NBA Top Shot has been at the center of all basketball-related conversations over the last month. Those who have bothered to learn about the wild world of non-fungible tokens have, on paper, made a tremendous amount of money. Those who haven't remain skeptical bystanders choosing to get their NBA highlights for free on any number of platforms that give them away free to the masses. It remains unclear if the market will follow the path of BitCoin, which may revolutionize how the world views currency, or will it be closer to shades of Tulip Mania from the Dutch Golden Age?

It does seem reasonable to reach an early conclusion, though. If NBA Top Shot fails, it won't be for a lack of trying. The NBA and NBAPA share the 5 percent seller's fee baked into every transaction. Everyone involved gets a taste and the league and players don't have to do a damn thing to get some of that sweet action. So what incentive do they have to turn down free money. What incentive does anyone associated with the venture have to not maximize their own profitability?

What's to stop the entire Highlight Industrial Complex to be forever altered by the proliferation of third-party companies? And what would that mean for curation?

This isn't such an ethical question but a presentation question. Does the immediate future hold a world where broadcasters immediately and routinely tease the NFT release of the standout play that just occurred? Is it just another promo we get used to, a further intrusion of advertorial into coverage?

If so, it will certainly not be the end of the world. There's no reason to clutch pearls as any idea of sports as a bastion of pure athletic majesty and love of competition has long gone out the window. The word professional is a pretty good indicator of what's going on, especially when it comes before the word "basketball", "football" or "baseball". But sitting by as a specific market is artificially manipulated by those with the most power may still feel unseemly to some viewers.

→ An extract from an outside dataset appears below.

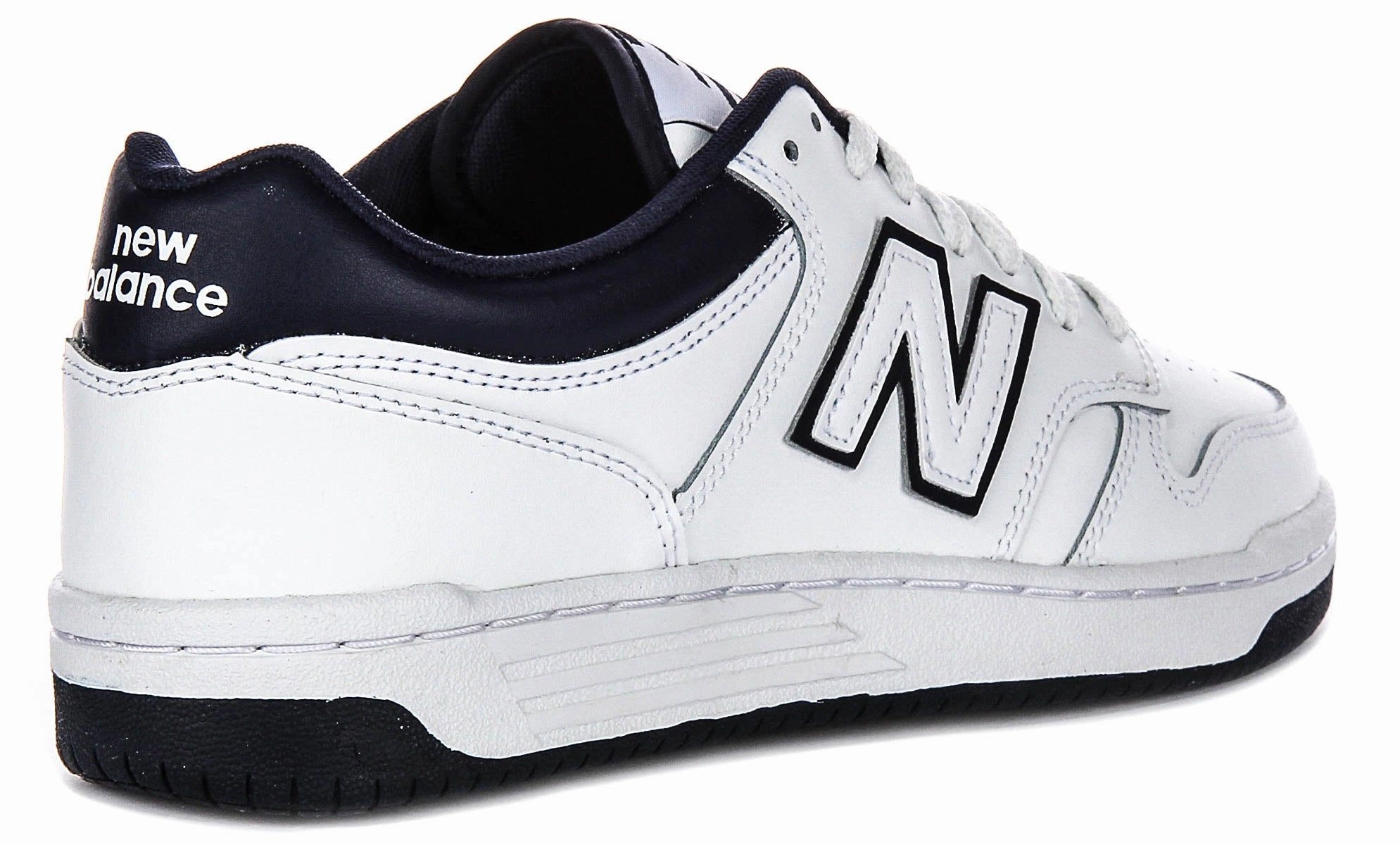 New Balance BB 480Lwn In White Navy Shoes New Balance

Let me explain some of the fears/opportunities based on one's mindset. The most immediate thing Top Shot and its partners could do to inflate value is to pick away at the massive library of existing highlights on the internet and make them less accessible. This would be a massive undertaking but it is not entirely incongruent with a long-term project the NBA needs to do anyway: find a way to monetize its online content to a generation content to follow along via TikTok without watching any of the live games.

Top Shot's ceiling stateside is high but nowhere near as lofty as it is in China, which is arguably the most important market to the NBA's future. Let's say that the trend really takes hold there and therefore the tokens become far more valuable to the league than providing comprehensive, free highlights to the masses? Are we entirely sure the open-source doors are going to remain open.

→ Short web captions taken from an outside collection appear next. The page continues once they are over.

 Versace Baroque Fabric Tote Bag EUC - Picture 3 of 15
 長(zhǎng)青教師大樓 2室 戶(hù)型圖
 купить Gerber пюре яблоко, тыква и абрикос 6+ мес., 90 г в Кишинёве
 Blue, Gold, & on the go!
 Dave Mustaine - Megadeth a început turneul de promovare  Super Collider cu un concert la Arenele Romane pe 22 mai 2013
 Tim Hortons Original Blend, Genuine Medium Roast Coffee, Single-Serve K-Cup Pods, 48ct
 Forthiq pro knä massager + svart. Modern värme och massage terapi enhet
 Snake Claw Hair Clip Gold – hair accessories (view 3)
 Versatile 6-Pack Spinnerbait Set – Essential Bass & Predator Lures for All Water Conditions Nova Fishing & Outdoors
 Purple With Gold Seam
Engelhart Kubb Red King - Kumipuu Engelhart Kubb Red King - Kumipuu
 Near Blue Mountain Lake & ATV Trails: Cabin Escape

The ultimate fear fans of a certain age have is that the faucet is slowly turned off. That current and — more importantly — past memories and video are slowly but surely placed behind paywalls to the point that both nostalgia and fandom aren't free anymore.

Thankfully, such a nightmare scenario feels unlikely. What seems more realistic though is concerted efforts by the NBA's rights partners to become more deeply invested in the Top Shot idea and the subsequent ones that come on its heels. Sooner or later they are going to realize they hold a tremendous amount of power in the edit bays by either restricting or amplifying which moments become widely disseminated. And look, no one is naive. This already happens in all areas of news — there's a bottom line to monitor.

This feels new, though. Like we're on the precipice of something big. A market has been created out of thin air. It's only a matter of time until the most powerful players in the food chain figure out how to make it work for them more than it works for the everyday fan who has thrown $900 on a Mookie Blaylock jumper.

And once they do, who trusts them not to expedite the process in new and frustrating ways for the average consumer? At a certain point we should consider what happens when highlights become a far greater commodity than they are now, and what unintended consequences that could present. Otherwise we'll wake up one day in a world where the commercial never stops and the gatekeepers are only more plentiful?